A corrida termina, torcedores e a imprensa cercam o carro. Piquet desce e sai correndo com um jeito meio raivoso de quem não quer muita conversa. Eu achei o máximo. Piquet lavava a alma da gente depois de ter sido roubado na decisão do campeonato anterior na terra do Alan Jones (transmitido ainda pela Band e o saudoso Luciano do Valle).

Piquet definitivamente era o meu herói.

No comercial da Ford, o que parece ser uma brincadeira, na verdade é mesmo uma disputa macho-recalcada para mostrar quem é O BOM.

E vale tudo. Sim. Vale tudo mesmo. O comercial é um espetáculo de trapaças e jogadas sujas, no vale tudo para ganhar a corrida. Poderia ser uma coisa genuinamente divertida, uma tiração de onda. Mas no fim é só isso mesmo. Dois trapaceiros querendo levar vantagem em tudo, certo?

A trapaça é tanta que os comerciais têm finais diferentes. Um dos países foi enganado. Qual? Jamais saberemos. Então foram os dois.

Nelson Piquet era totalmente capaz de trapacear. Fez isso abertamente diversas vezes tentando burlar as regras que baniram os “carros asa” ou o famigerado “efeito solo” que foi aperfeiçoado pelo lendário Colin Chapman.

Torcedor não liga para isso. A gente fica cego. E meio surdo. Piquet em entrevista afirma ter vergonha de ter pais recifenses e, pior, ter nascido no Recife. Mentiu durante toda sua infância e adolescência em Brasília e dizia que tinha nascido no Rio de Janeiro. Falsificava o nome para poder correr de carro. Enganou o próprio pai.

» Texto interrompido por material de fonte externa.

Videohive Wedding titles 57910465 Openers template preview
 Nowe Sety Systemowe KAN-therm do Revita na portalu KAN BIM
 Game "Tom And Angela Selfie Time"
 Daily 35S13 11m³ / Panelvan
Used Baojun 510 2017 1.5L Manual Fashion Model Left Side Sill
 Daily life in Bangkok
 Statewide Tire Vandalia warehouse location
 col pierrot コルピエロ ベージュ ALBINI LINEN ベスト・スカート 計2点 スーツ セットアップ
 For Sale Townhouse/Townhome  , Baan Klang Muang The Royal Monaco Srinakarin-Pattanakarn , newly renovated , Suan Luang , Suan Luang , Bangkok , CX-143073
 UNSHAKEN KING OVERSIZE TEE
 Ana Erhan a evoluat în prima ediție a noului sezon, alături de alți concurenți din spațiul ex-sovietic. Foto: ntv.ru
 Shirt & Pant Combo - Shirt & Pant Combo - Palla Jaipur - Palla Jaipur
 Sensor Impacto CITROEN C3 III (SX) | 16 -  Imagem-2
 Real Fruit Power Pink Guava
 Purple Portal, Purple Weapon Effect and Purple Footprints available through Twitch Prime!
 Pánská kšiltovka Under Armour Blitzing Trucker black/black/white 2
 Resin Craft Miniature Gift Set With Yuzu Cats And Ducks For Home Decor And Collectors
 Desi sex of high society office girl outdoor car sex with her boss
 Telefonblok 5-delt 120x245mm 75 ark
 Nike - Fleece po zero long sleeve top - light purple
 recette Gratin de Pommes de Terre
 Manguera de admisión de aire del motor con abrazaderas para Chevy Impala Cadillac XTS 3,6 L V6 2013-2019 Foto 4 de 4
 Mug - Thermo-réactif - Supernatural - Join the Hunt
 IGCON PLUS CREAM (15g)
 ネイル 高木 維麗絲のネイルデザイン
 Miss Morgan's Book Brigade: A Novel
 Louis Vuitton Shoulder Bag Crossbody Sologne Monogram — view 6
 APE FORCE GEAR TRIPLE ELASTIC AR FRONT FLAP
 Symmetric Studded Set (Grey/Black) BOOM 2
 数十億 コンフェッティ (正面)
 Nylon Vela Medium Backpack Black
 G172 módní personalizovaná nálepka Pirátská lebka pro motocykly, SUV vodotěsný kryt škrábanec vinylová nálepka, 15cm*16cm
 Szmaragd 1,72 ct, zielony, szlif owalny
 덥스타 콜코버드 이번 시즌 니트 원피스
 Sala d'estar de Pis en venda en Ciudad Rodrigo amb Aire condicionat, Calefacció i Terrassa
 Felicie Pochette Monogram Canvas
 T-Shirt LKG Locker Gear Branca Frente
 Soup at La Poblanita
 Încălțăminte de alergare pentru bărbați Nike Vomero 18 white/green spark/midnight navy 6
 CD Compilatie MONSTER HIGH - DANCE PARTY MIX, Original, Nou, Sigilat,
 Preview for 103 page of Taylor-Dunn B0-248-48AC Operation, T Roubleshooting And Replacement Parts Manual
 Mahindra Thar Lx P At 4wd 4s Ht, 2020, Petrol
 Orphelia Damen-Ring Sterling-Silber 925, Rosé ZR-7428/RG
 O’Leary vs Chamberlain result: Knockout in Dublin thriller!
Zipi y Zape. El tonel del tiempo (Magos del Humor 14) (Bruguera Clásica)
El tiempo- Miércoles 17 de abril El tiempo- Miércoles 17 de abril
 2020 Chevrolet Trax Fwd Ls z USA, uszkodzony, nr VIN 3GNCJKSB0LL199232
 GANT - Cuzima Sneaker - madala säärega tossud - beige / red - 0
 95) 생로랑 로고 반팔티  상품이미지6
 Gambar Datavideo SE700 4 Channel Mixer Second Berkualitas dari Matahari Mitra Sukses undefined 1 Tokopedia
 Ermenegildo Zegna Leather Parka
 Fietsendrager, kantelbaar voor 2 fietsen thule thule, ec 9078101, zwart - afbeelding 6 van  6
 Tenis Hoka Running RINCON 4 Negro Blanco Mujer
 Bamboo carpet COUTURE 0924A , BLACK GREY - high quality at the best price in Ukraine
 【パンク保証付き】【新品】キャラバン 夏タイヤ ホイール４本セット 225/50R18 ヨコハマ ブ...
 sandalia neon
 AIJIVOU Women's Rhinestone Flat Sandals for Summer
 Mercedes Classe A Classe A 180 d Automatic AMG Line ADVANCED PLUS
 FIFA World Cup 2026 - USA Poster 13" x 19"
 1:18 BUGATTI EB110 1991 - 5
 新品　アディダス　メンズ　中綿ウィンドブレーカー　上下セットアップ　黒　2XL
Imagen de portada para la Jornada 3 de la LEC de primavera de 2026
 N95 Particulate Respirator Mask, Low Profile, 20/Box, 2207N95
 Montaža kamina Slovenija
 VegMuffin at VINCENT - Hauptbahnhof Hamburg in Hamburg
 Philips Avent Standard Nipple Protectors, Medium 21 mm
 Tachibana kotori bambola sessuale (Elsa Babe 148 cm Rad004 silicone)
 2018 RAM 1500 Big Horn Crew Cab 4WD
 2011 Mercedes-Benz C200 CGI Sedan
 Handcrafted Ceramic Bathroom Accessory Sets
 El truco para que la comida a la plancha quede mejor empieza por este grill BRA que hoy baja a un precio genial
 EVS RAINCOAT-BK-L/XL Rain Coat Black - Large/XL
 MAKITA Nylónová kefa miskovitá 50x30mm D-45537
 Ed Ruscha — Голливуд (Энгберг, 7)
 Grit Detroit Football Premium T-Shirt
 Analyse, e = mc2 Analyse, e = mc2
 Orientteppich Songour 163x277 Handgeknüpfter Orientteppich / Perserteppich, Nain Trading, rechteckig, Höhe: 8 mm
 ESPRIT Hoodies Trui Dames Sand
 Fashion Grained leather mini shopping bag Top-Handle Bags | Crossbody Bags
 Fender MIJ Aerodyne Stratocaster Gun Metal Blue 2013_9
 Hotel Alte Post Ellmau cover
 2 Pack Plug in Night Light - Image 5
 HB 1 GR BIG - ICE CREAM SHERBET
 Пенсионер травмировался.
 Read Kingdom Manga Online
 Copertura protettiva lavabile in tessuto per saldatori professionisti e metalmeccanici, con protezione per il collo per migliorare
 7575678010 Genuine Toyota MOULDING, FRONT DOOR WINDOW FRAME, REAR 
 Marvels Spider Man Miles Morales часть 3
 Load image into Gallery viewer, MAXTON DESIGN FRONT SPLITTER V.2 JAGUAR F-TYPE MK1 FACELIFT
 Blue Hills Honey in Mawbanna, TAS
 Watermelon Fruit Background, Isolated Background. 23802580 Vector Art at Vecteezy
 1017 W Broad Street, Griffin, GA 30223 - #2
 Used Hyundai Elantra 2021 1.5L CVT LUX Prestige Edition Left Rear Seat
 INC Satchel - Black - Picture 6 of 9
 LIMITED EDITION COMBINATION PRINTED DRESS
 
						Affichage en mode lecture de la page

Não que um ingênuo sobreviva muito tempo no ambiente competitivo da F1. Ali não é terra para inocentes.

Mas ao relembrar esses episódios antigos e os mais recentes envolvendo Nelson Piquet, principalmente suas declarações públicas racistas e preconceituosas, além de outras declarações políticas, dá sim um pouco de tristeza saber que um ídolo que tive na verdade é um ser capaz de coisas ainda piores do que uma trapaça em corrida. E olha que nem comecei a falar sobre seus negócios e empreendimentos escusos.

E estava lá o tempo todo para ser visto. Antigamente, aos domingos, sob narração de Galvão Bueno. Hoje em dia, no Jornal Nacional, narrado por um repórter político.

O nosso ídolo tricampeão mundial de Fórmula 1 sempre foi um pulha.